═════ EXERCISE MATERIALS
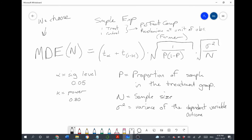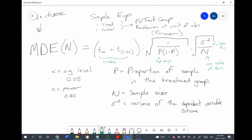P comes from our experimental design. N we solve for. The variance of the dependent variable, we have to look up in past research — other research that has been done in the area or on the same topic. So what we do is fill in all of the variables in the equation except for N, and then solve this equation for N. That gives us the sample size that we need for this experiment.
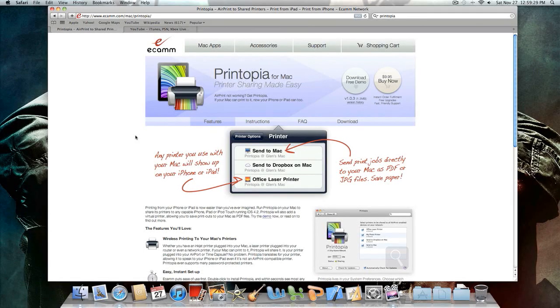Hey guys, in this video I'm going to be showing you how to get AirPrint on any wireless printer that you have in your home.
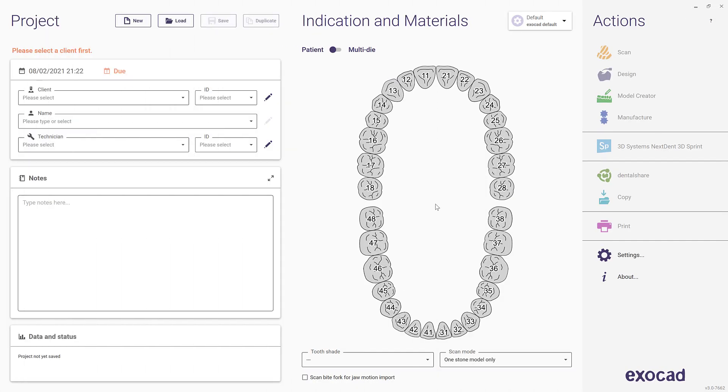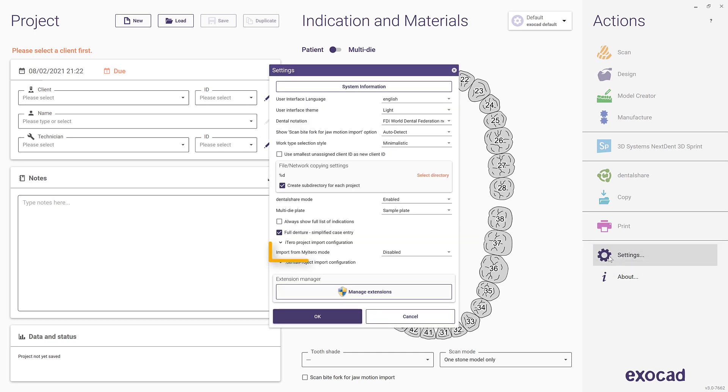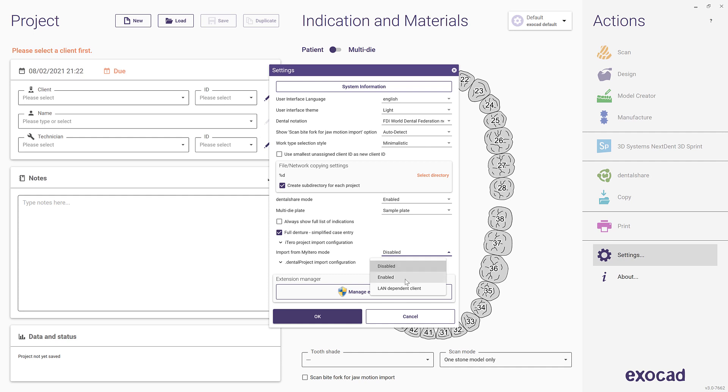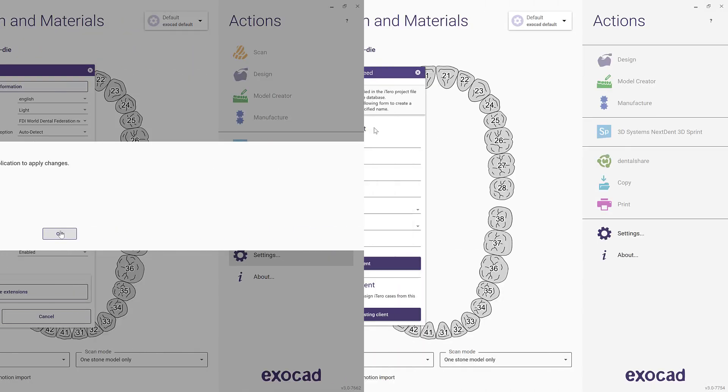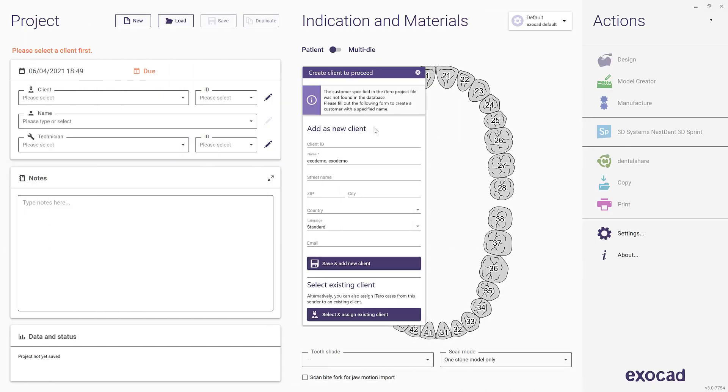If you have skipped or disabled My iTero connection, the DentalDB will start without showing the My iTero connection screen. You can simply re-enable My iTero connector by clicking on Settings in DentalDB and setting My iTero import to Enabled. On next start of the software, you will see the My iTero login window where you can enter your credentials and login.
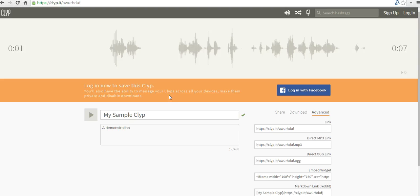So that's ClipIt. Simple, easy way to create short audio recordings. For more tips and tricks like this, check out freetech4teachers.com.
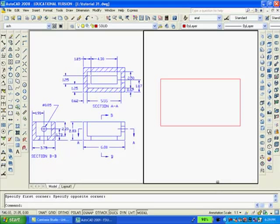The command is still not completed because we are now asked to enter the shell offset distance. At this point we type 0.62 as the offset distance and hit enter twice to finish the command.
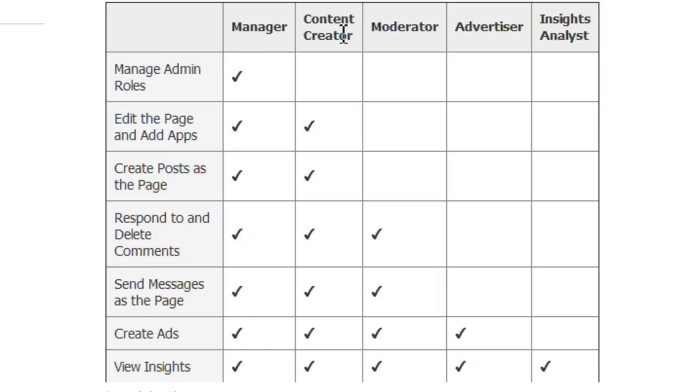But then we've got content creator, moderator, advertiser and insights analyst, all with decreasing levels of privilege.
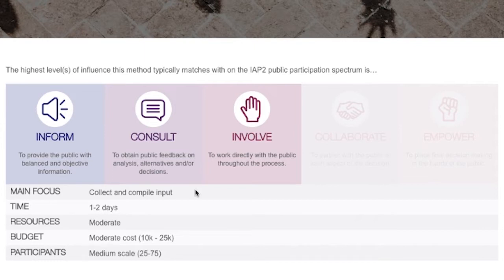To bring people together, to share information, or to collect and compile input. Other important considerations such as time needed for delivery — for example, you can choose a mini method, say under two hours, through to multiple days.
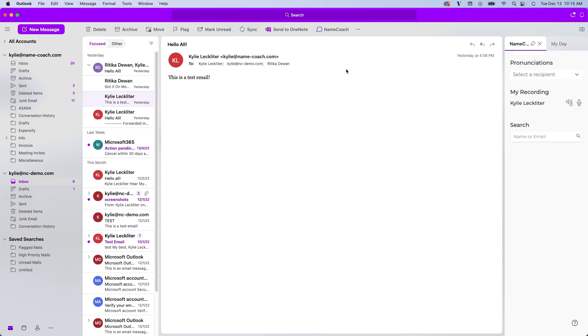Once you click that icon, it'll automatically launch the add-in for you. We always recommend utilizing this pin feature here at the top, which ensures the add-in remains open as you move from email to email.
══════════
▶ **TASK PROMPT**:
Reproduce each entry precisely. Leave the pictures out.

▶ **ANSWER BELOW**:
P comes from our experimental design. N we solve for. The variance of the dependent variable, we have to look up in past research — other research that has been done in the area or on the same topic. So what we do is fill in all of the variables in the equation except for N, and then solve this equation for N. That gives us the sample size that we need for this experiment.
Hey guys, in this video I'm going to be showing you how to get AirPrint on any wireless printer that you have in your home.
If you have skipped or disabled My iTero connection, the DentalDB will start without showing the My iTero connection screen. You can simply re-enable My iTero connector by clicking on Settings in DentalDB and setting My iTero import to Enabled. On next start of the software, you will see the My iTero login window where you can enter your credentials and login.
So that's ClipIt. Simple, easy way to create short audio recordings. For more tips and tricks like this, check out freetech4teachers.com.
The command is still not completed because we are now asked to enter the shell offset distance. At this point we type 0.62 as the offset distance and hit enter twice to finish the command.
But then we've got content creator, moderator, advertiser and insights analyst, all with decreasing levels of privilege.
To bring people together, to share information, or to collect and compile input. Other important considerations such as time needed for delivery — for example, you can choose a mini method, say under two hours, through to multiple days.
Once you click that icon, it'll automatically launch the add-in for you. We always recommend utilizing this pin feature here at the top, which ensures the add-in remains open as you move from email to email.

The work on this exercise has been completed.